▽

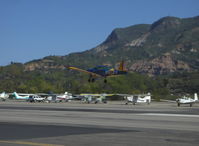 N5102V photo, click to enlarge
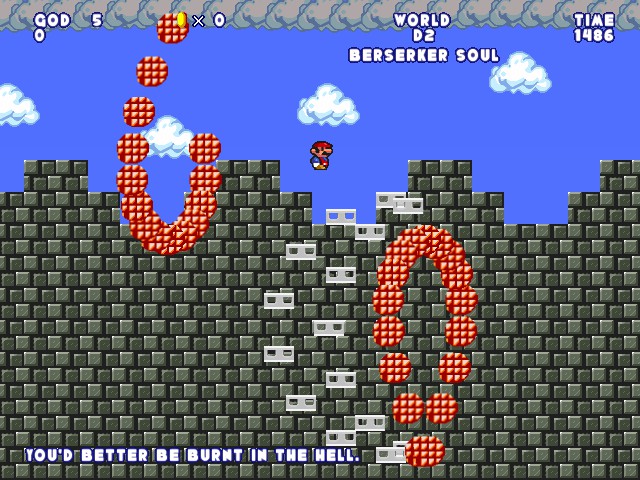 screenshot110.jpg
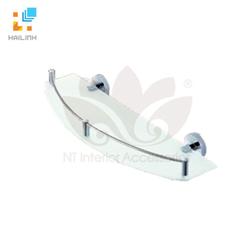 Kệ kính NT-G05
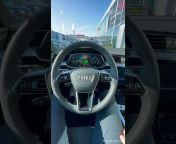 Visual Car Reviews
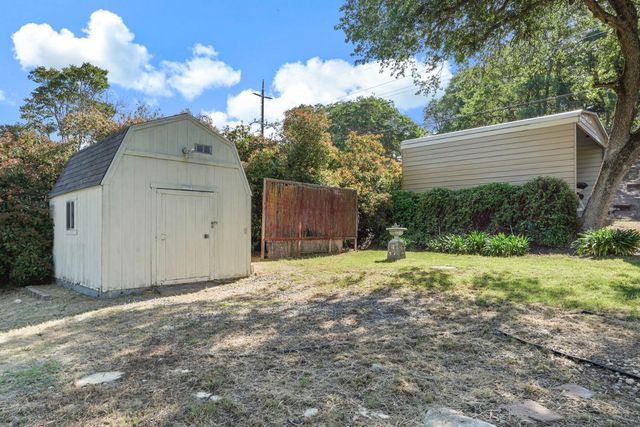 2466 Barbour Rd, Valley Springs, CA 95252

△

WHAT TO PRODUCE> Give the entries again exactly. Pictures stay out.

RESPONSE>
 N5102V photo, click to enlarge
 screenshot110.jpg
 Kệ kính NT-G05
 Visual Car Reviews
 2466 Barbour Rd, Valley Springs, CA 95252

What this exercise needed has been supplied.